Aim of the task:
As written and without pictures, set down the lines from the one that contains "How would you" through the end of the data.

Extracted data:
______________________________

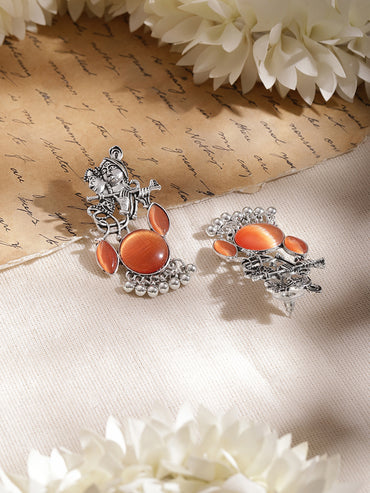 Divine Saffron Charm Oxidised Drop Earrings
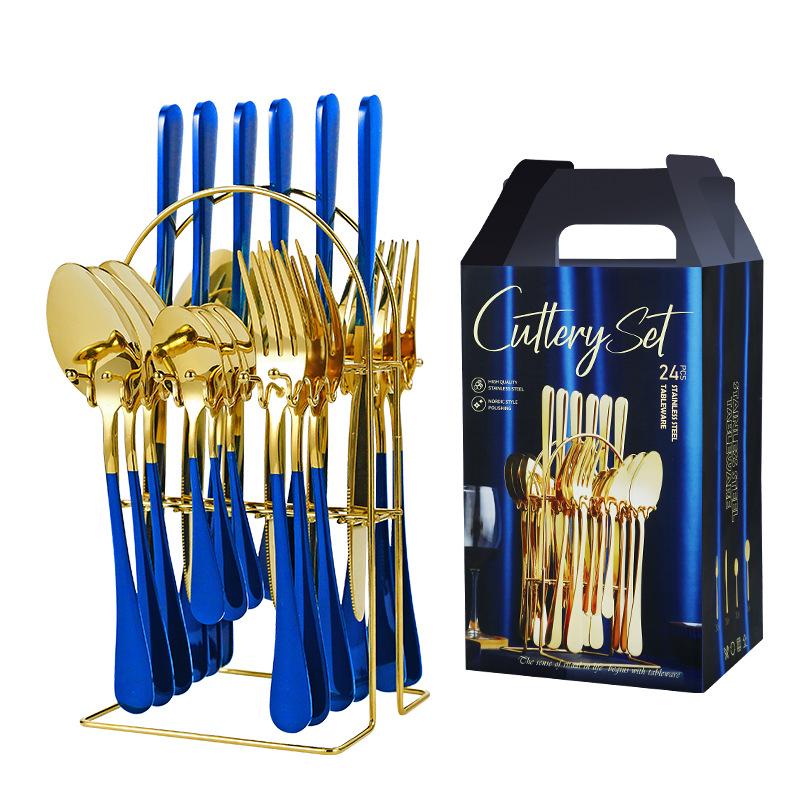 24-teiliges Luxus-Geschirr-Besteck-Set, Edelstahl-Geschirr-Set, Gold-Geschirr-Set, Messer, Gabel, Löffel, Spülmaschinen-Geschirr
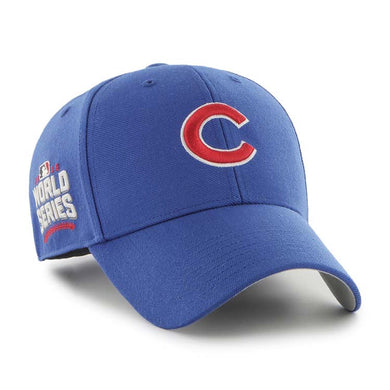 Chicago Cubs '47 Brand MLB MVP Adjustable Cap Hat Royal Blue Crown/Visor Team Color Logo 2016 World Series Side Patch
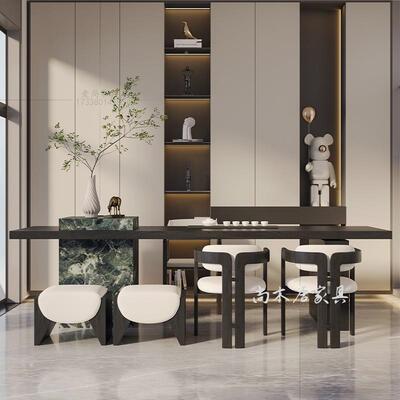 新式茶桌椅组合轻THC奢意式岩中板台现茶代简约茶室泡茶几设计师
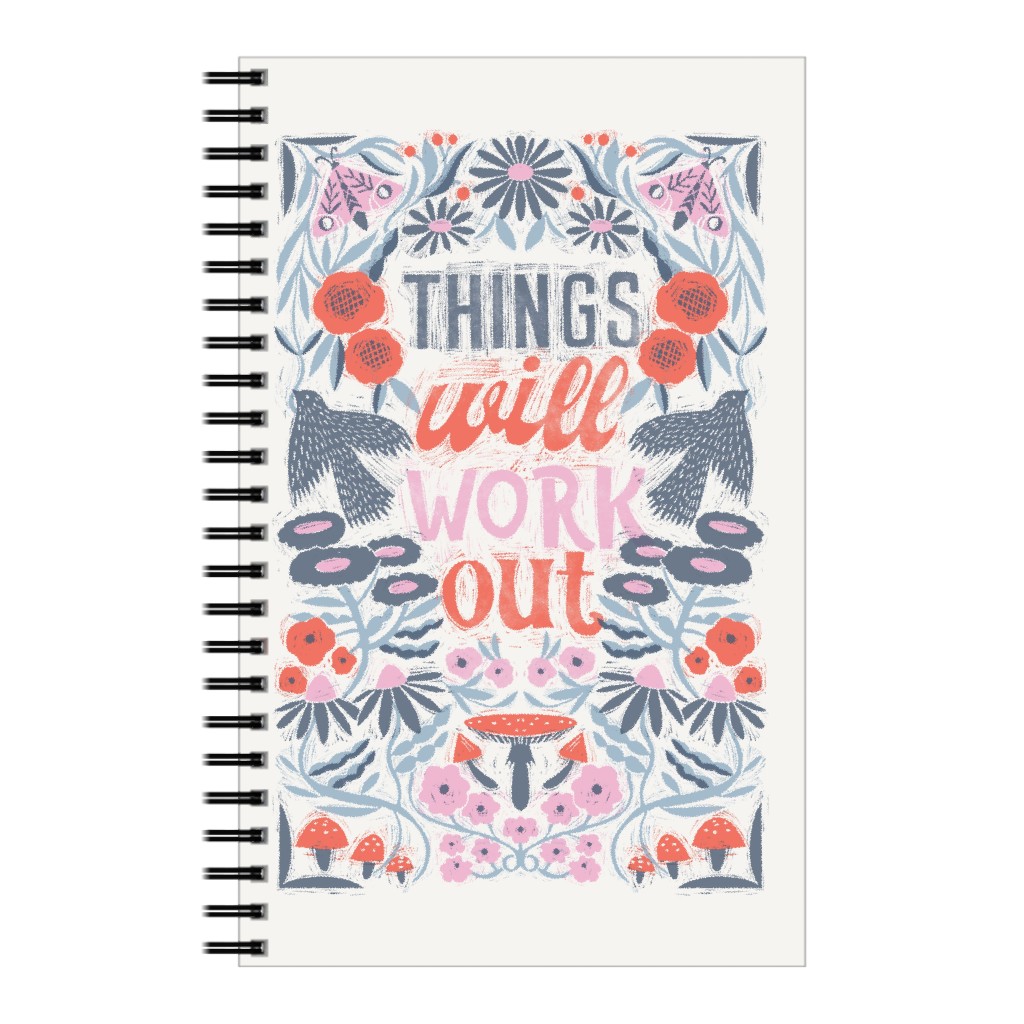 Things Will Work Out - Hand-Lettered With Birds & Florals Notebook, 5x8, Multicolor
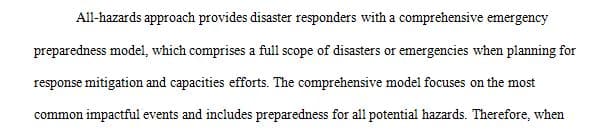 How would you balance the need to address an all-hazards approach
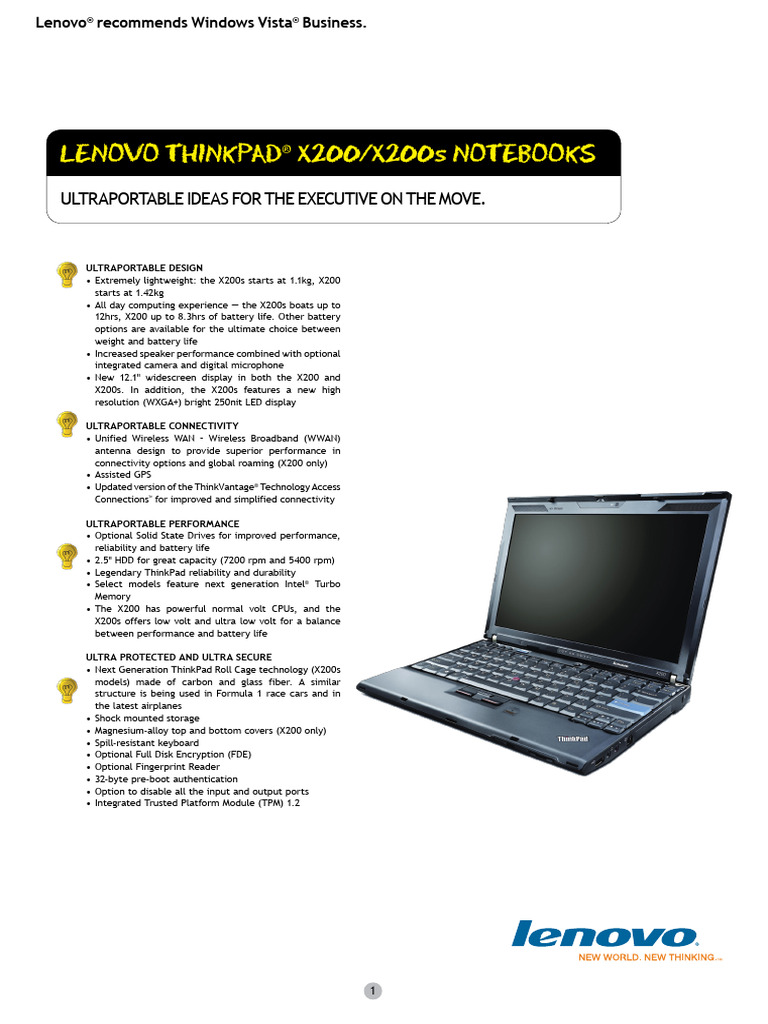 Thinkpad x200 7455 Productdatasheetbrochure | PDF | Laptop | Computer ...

______________________________

Response:
 How would you balance the need to address an all-hazards approach
 Thinkpad x200 7455 Productdatasheetbrochure | PDF | Laptop | Computer ...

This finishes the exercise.